Problem details >>
All that is wanted is the exact text of the lines below from the one with "Специальный поднос для" through the one with "Louis Emil PICAULT", inclusive, minus any pictures.

*** Given data

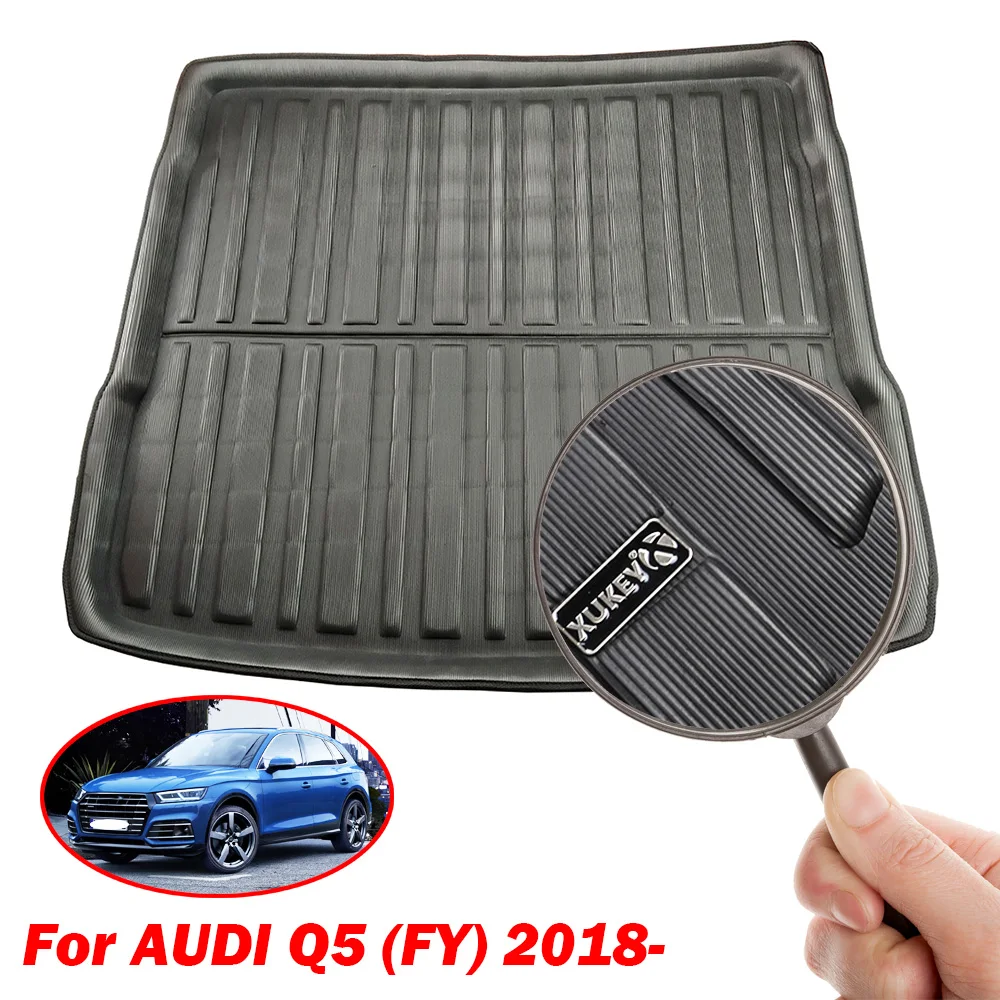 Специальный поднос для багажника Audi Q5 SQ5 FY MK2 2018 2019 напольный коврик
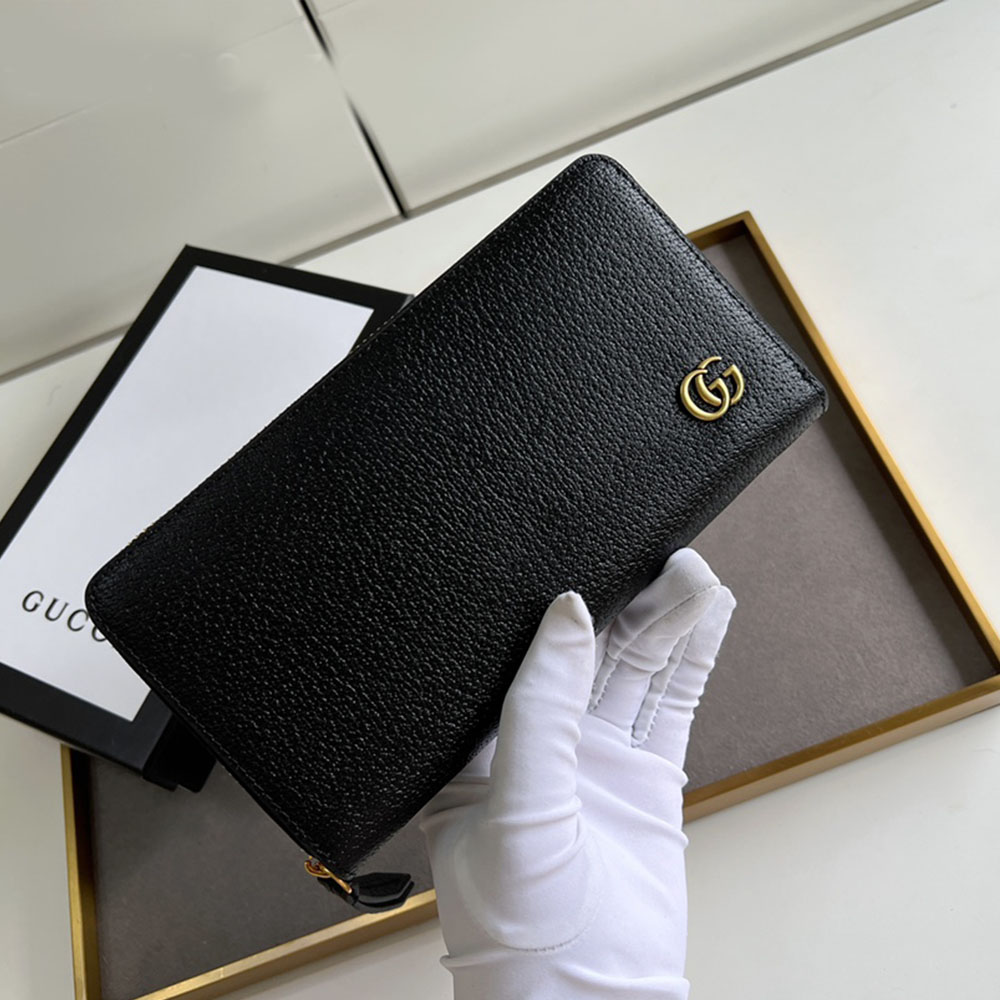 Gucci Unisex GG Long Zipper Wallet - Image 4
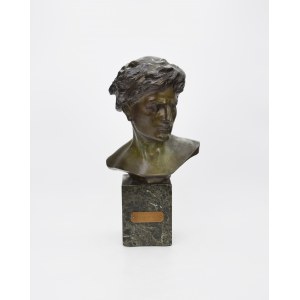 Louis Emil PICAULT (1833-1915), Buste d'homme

******
*** Given data

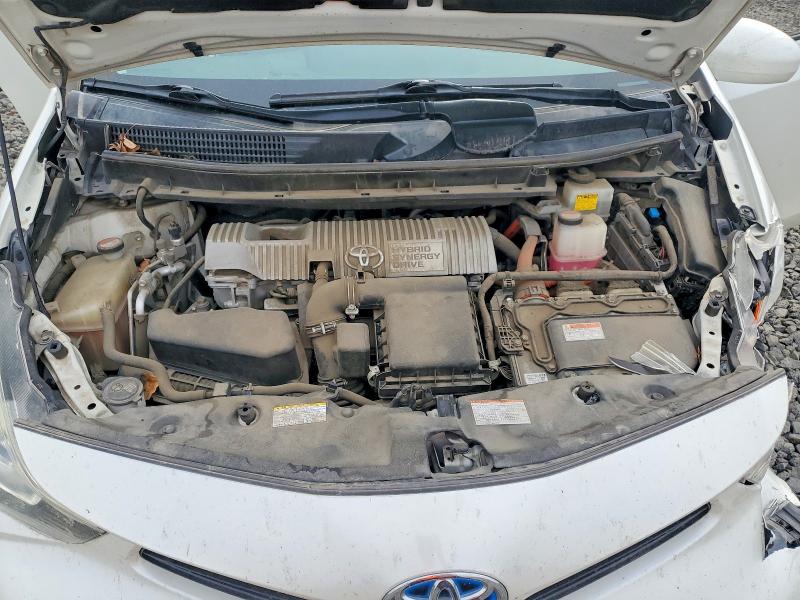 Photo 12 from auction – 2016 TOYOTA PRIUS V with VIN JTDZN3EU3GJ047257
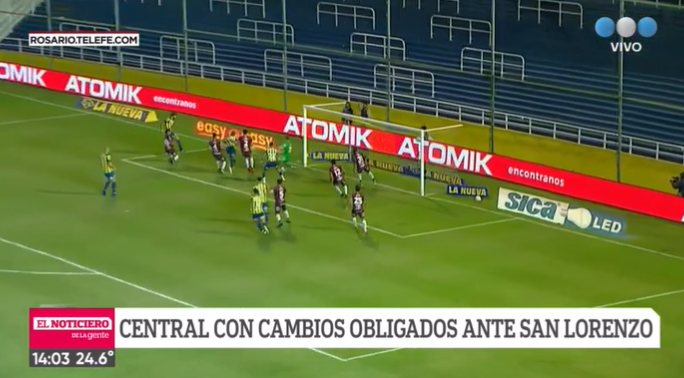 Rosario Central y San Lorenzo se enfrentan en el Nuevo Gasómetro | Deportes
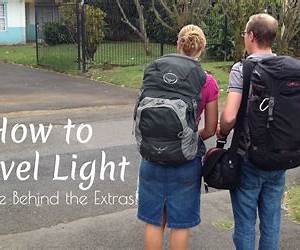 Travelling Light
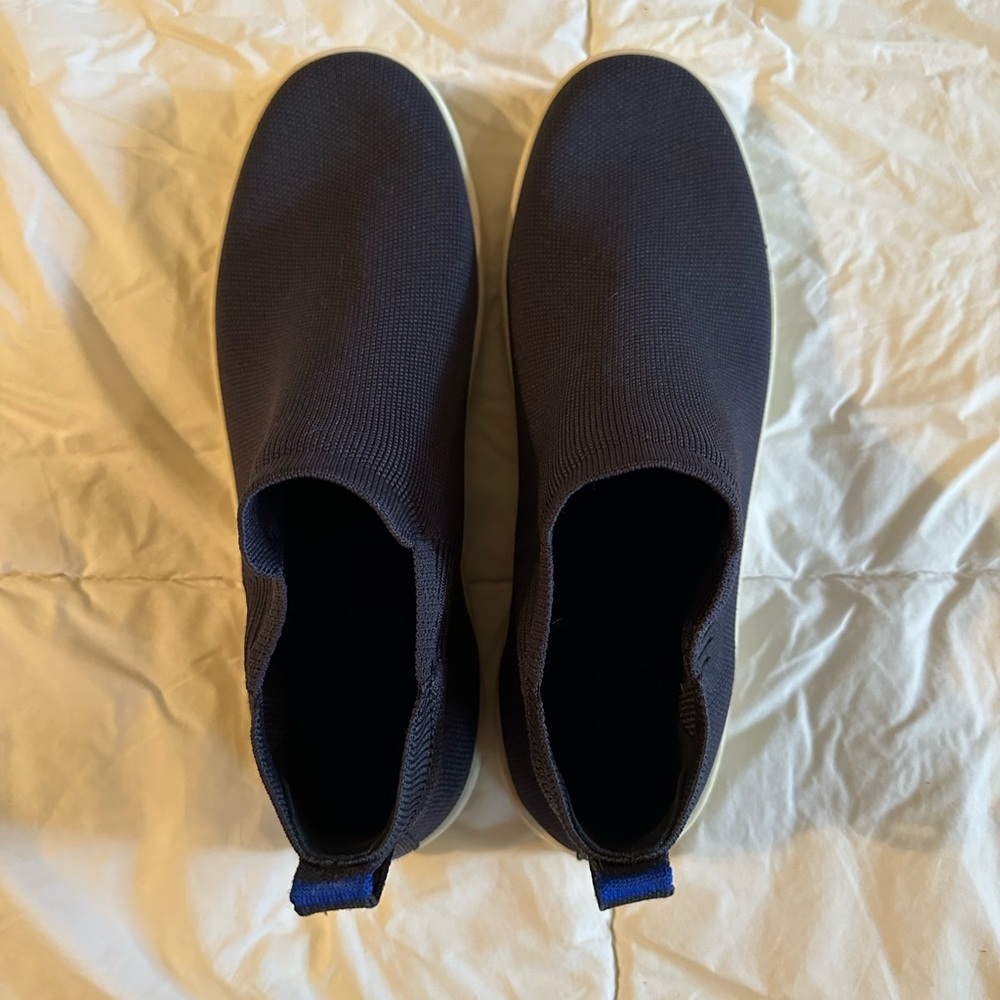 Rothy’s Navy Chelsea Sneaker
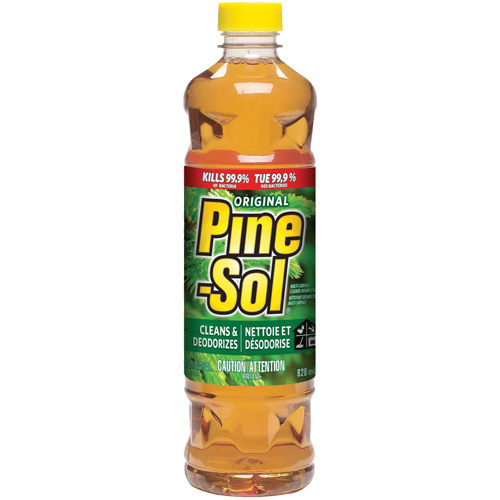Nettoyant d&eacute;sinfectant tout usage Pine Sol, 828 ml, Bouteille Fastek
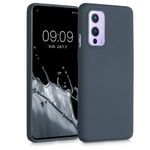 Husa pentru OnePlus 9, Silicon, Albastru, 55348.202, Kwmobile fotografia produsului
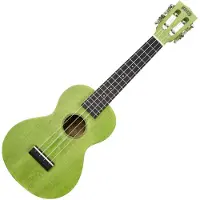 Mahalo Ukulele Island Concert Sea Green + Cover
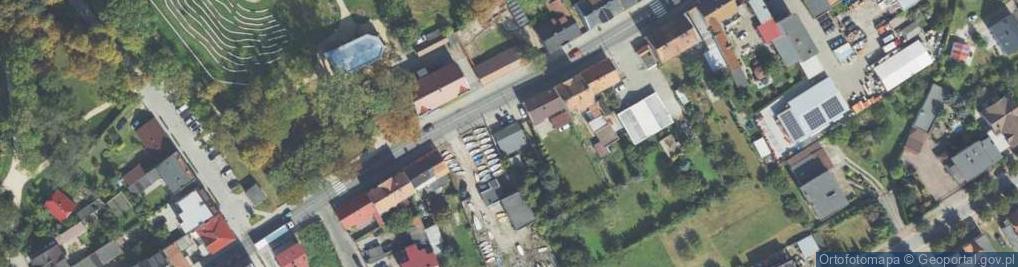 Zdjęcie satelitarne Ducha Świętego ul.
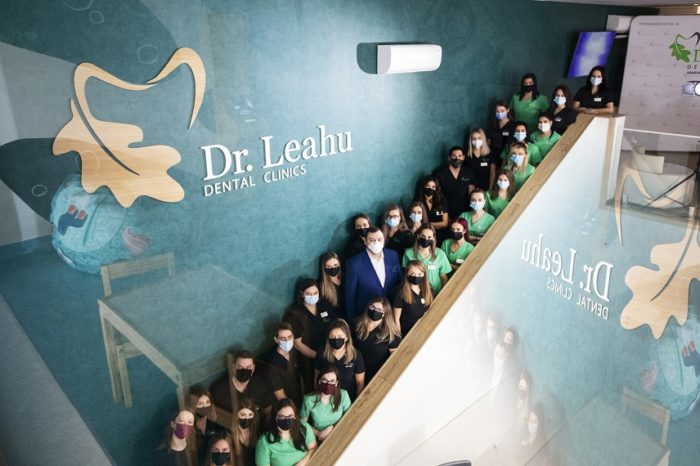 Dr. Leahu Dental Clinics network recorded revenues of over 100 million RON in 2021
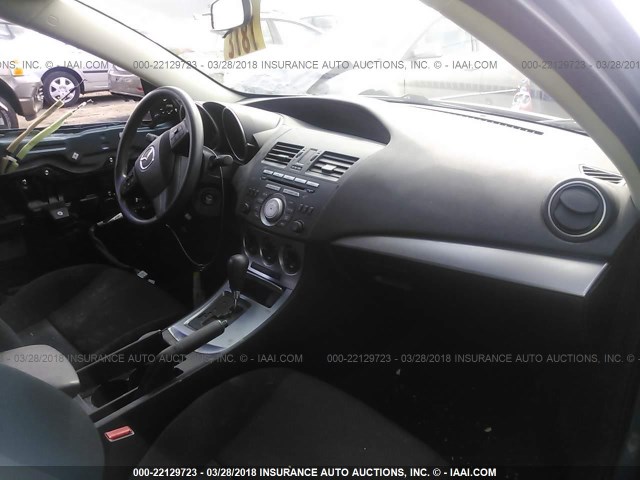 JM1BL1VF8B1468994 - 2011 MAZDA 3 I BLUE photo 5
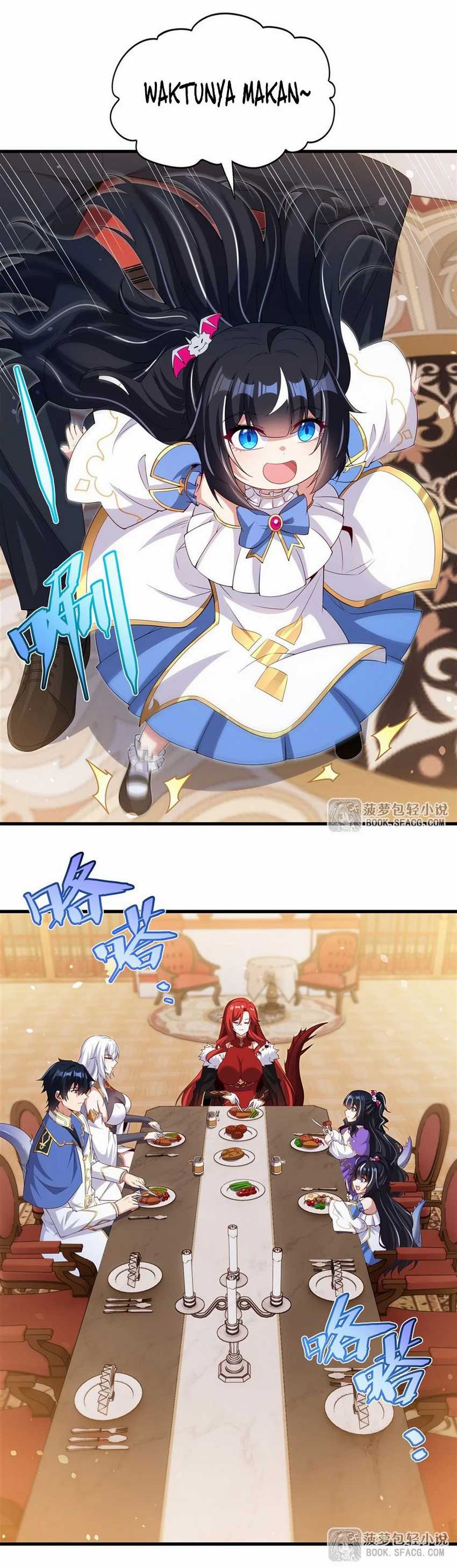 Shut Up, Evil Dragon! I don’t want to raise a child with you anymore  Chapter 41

******

Result >>
 Специальный поднос для багажника Audi Q5 SQ5 FY MK2 2018 2019 напольный коврик
 Gucci Unisex GG Long Zipper Wallet - Image 4
 Louis Emil PICAULT (1833-1915), Buste d'homme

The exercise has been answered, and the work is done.